Po więziennej przerwie przyszły autor "1859 dni Warszawy" znów wraca do kronikarskiej pracy; swój cykl na łamach "Stolicy" nazwie zresztą właśnie "Z notatnika kronikarza 1939-1944. Ocala od zapomnienia postacie poległych podczas wojny młodych poetów, opisuje historię konspiracyjnych druków i akcje dywersyjne, dezorganizujące niemiecki transport, polemizuje z wizją Powstania w "Kanale" Wajdy... A we wszystkich tych pracach znać specyficzne dla ich autora połączenie skrupulatności, rzeczowości i pasji.

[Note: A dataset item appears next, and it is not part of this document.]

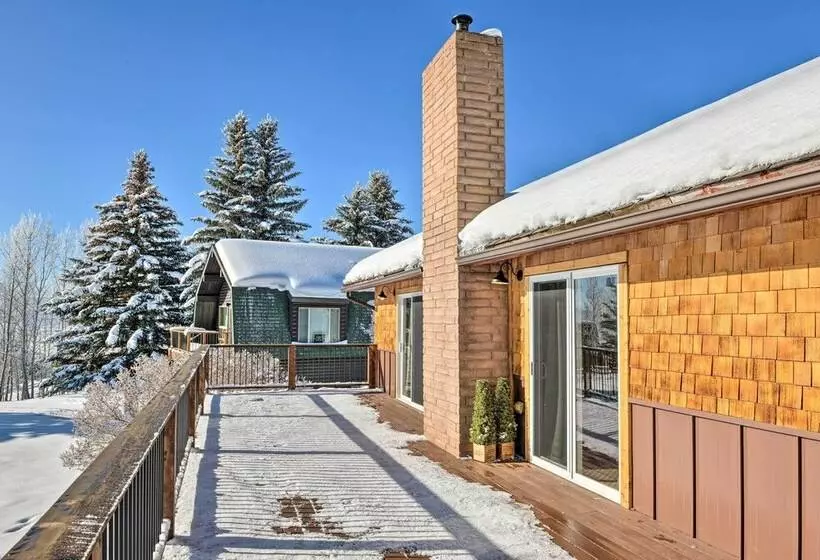 Elevated Alpine Escape: Mtn Views + Game Room!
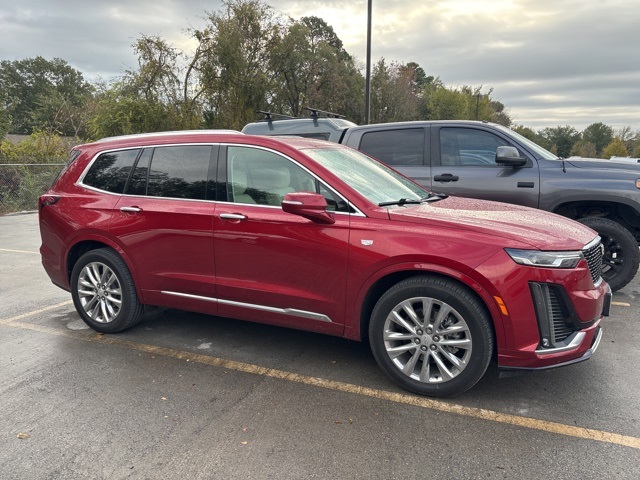 used 2021 Cadillac XT6 car, priced at $25,827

Wspomniałem o programowych artykułach z "Prawdy Młodych": pobrzmiewa w nich młodzieńcza żarliwość i patos, a równocześnie okazują się czasem zadziwiająco aktualne. Młodym ludziom, którzy garną się do działalności publicznej, polecam zwłaszcza lekturę krótkiego tekstu zatytułowanego "Twoja rola w pracy społeczno-politycznej". Gdyby rady zawarte w tym vademecum działacza (pisanym jesienią 1943!) znalazły szerszy posłuch, nasze życie społeczne wyglądałoby o wiele lepiej... (Wydawnictwo Universitas, Kraków 2007, ss. 322. Wybór, opracowanie, przypisy i wstęp: Andrzej Krzysztof Kunert. Seria "Klasycy współczesnej polskiej myśli humanistycznej" pod red. Andrzeja Nowakowskiego.)